Democrat Barbara Buono toured a Trenton high school that Gov. Chris Christie had refused to visit, describing the conditions inside the building Thursday as so poor the school should be closed immediately for emergency repairs.
Buono said the 80-year-old building's leaky roof, crumbling ceilings and mold-infested walls are a health hazard and learning impediment for the 1,900 mostly minority teenagers who attend Trenton Central High School. She said the students should be temporarily schooled elsewhere while the building is made safe.
"I've been in prisons that look better than this," she said after a half-hour tour set up by student leaders. Christie declined a similar invitation.
Buono also blasted Christie, her opponent in the Nov. 5 governor's race, for failing to fix the capital city's only public high school.
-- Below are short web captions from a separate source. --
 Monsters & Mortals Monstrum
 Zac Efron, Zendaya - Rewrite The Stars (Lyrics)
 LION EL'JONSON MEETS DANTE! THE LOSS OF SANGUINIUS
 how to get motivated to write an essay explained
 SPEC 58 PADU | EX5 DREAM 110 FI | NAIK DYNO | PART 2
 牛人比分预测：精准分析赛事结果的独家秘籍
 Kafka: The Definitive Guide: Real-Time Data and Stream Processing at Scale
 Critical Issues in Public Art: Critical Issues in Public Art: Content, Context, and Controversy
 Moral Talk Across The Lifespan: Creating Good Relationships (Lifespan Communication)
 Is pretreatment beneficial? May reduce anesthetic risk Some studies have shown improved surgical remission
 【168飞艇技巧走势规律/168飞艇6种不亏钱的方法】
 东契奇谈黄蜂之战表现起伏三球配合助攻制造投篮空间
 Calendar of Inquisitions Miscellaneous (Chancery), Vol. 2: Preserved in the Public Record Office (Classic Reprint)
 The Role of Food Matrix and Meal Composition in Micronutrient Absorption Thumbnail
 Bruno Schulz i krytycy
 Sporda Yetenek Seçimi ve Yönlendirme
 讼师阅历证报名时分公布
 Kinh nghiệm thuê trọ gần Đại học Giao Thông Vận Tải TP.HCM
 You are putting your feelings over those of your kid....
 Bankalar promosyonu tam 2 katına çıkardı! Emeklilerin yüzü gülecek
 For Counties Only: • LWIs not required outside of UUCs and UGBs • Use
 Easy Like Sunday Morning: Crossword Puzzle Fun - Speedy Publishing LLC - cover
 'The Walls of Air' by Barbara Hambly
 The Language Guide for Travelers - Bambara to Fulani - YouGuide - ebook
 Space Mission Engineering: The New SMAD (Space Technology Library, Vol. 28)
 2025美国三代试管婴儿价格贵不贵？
The governor said the Schools Development Authority under his administration has jurisdiction but the SDA said emergency repairs are the school district's responsibility.
Buono characterizing the school's state of disrepair as "a reflection of Chris Christie's abysmal leadership."
"The children are suffering because it's not in (Christie's) political self-interest (to fix the school)," Buono said. "If my administration had held up funding for four years to fix this school and others like it, I'd be embarrassed that I hadn't even come one time for a visit."
Buono was joined by school officials, teachers union leaders and state lawmakers who represent the district.
The school district, which Assemblyman Reed Gusciora said is spending $2.6 million on emergency repairs, is suing the state.
The SDA has designated up to $27 million for repairs, starting with the roof, officials said, but repairs aren't scheduled to start until next year and won't be completed until 2015.
The agency issued a statement Thursday evening saying an architectural design team has been developing a plan to improve conditions at the school and that it spent $391,000 to patch a portion of the roof.
The SDA also pursued the idea of building a new high school in 2009, the administration noted, but it was rejected by members of the community who favored preserving the historic existing building. A working group was formed in January to pursue capital improvements to the school.
Trenton has been classified an Abbott school district, which means it is one of the state's poorest and determined by the courts to be providing an inadequate education to its students. The state was ordered to improve facilities, equipment and learning opportunities at the mostly minority schools.
One of the chants heard at a rally before the tour was "release the money," meaning without further delay. Another chant led by students and teachers was "we deserve better."
Former school superintendent Raymond Broach said the school's many deficiencies were documented and photographed and air quality tests completed two years ago and submitted to SDA.
He said there's been no forward movement since.